There was a high prevalence of cocaine-related problems among ICU and NICU, with more than half of each group reporting that they had experienced physical (ICU-58%; NICU-54%) and/or psychological (ICU-58%; NICU-54%) problems in the preceding 12 months. Among ICU, the most common physical problems were palpitations, headaches, and sleep problems. Among NICU, the most common physical problems were numbness/tingling, nasal problems, and sleep problems. The most common psychological problems among both ICU and NICU were paranoia, mood swings, and agitation. Route of administration did not appear to play a role in the likelihood of having experienced such problems.

The SDS was found to be an accurate diagnostic tool to measure the presence or absence of cocaine dependence. A score of 3 on the SDS was revealed by ROC analysis to be the cut-off point which best discriminates between the presence or absence of a DSM-IV diagnosis of cocaine dependence.
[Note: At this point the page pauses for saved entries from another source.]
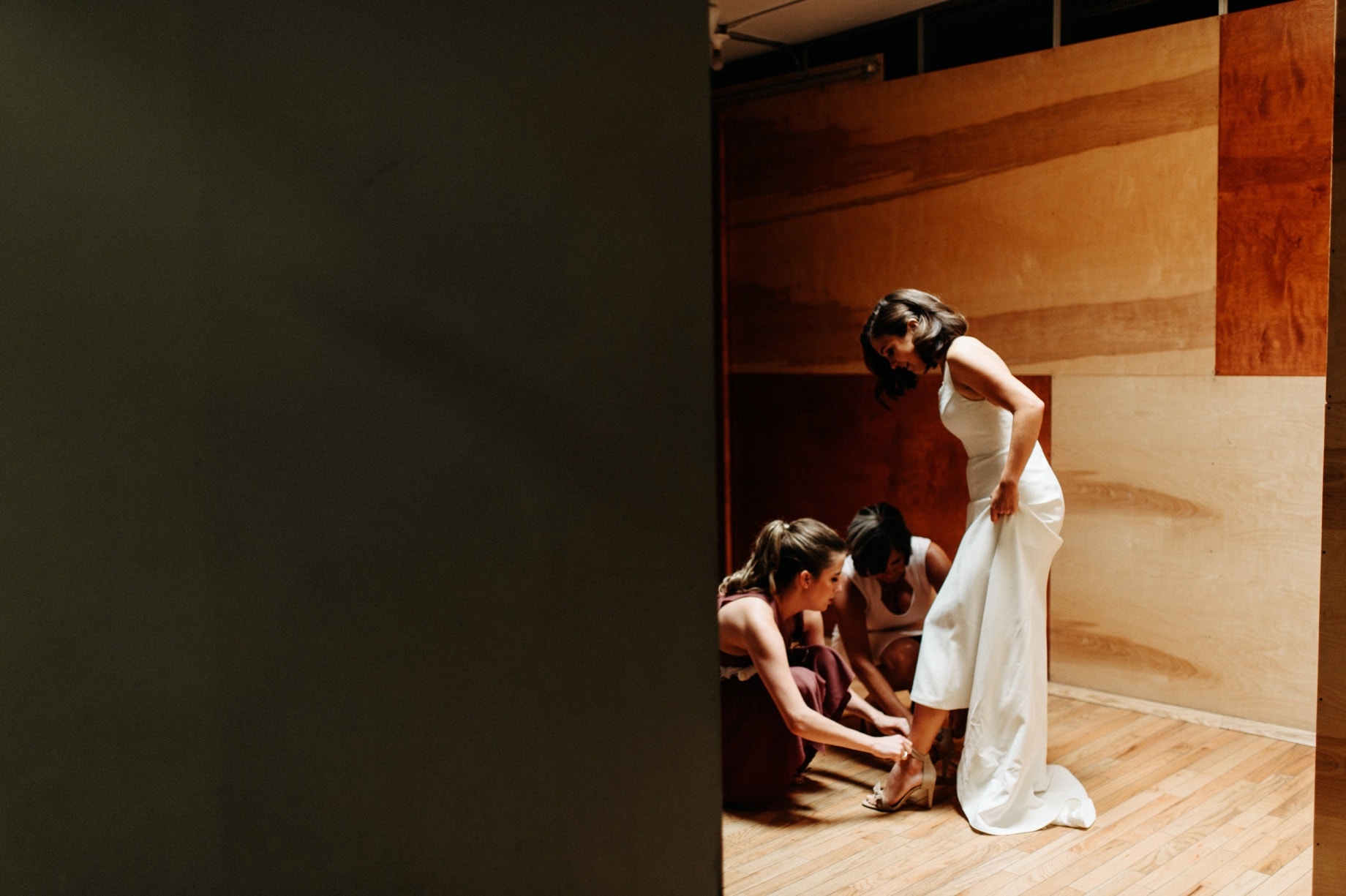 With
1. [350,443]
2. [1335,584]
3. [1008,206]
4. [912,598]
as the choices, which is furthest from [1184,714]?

In summary, this study revealed that cocaine is a drug with the potential to cause dependence, as well as a number of physical and psychological problems, among a broad spectrum of users with various patterns and methods of use. Cocaine dependence among injecting and non-injecting users was of a level sufficient to cause concern and warrant further research. While subjects who had used cocaine more frequently were more likely to be cocaine-dependent, a diagnosis of dependence was not contingent on a high frequency of use. Thus, the potential for irregular, as well as regular, users of cocaine to develop cocaine dependence should be recognized and factored into the development of harm minimization or treatment strategies. It is concluded that the use of cocaine should be treated as an issue of serious concern and remain a focus of future research.